Given material.
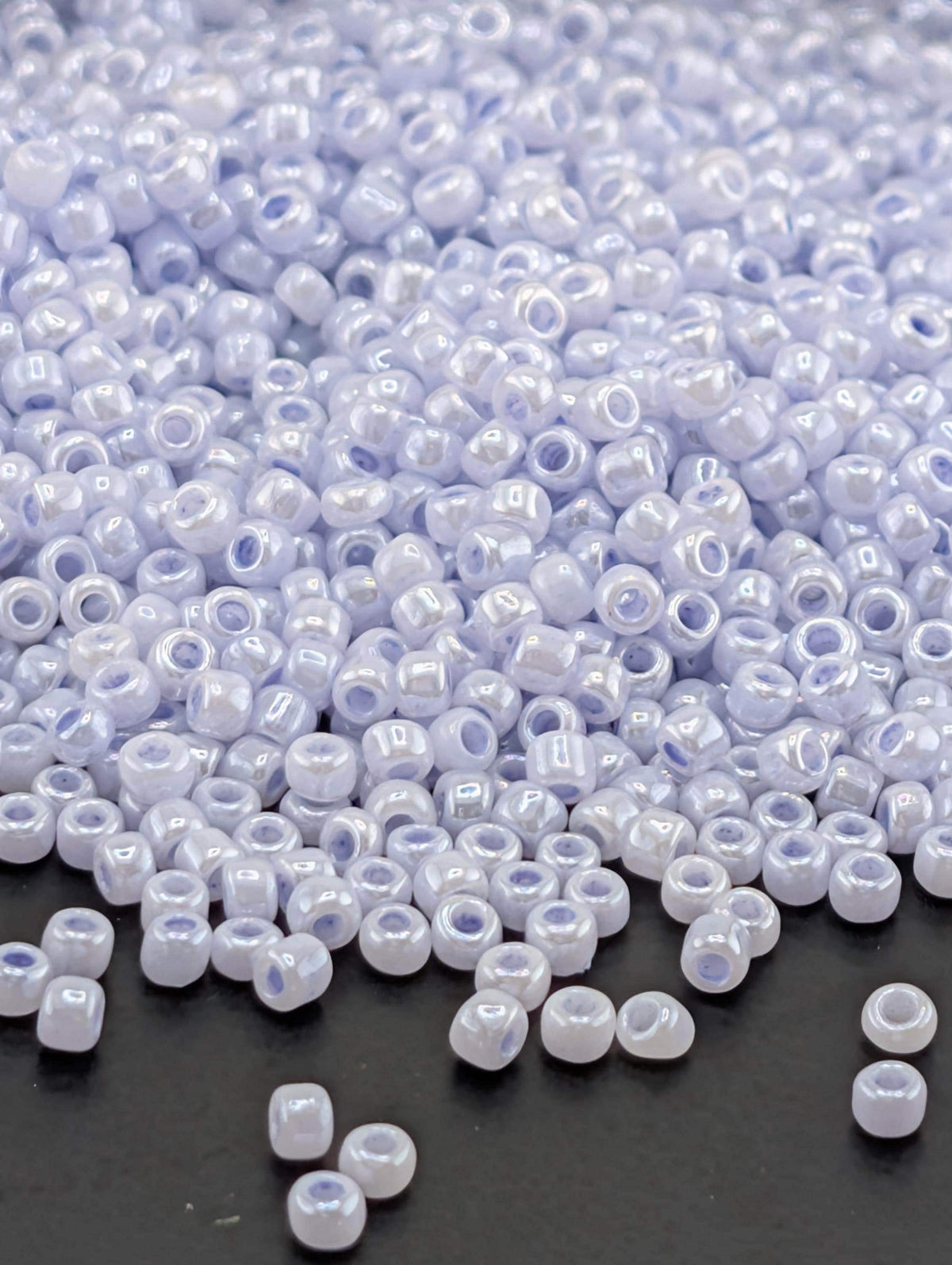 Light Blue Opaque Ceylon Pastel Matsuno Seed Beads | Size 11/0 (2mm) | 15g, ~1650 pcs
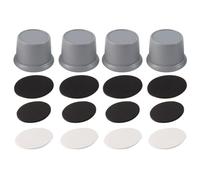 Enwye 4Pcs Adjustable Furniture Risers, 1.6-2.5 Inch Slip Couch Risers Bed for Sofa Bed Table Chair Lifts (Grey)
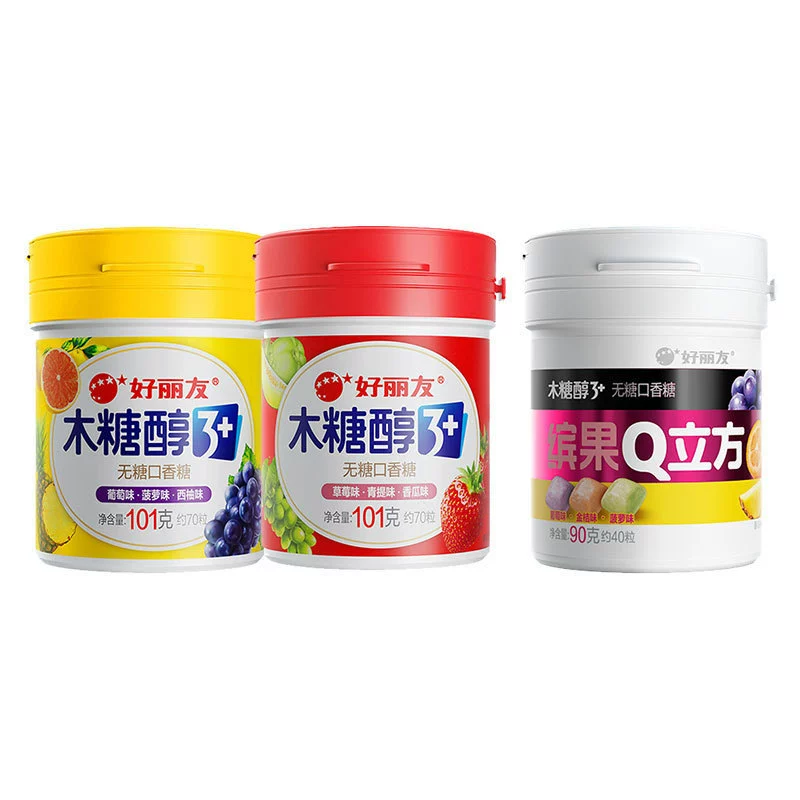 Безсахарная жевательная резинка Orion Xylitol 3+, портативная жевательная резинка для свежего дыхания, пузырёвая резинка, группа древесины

Work request. Everything in the material goes into the copy exactly, except the images.

Solution.
 Light Blue Opaque Ceylon Pastel Matsuno Seed Beads | Size 11/0 (2mm) | 15g, ~1650 pcs
 Enwye 4Pcs Adjustable Furniture Risers, 1.6-2.5 Inch Slip Couch Risers Bed for Sofa Bed Table Chair Lifts (Grey)
 Безсахарная жевательная резинка Orion Xylitol 3+, портативная жевательная резинка для свежего дыхания, пузырёвая резинка, группа древесины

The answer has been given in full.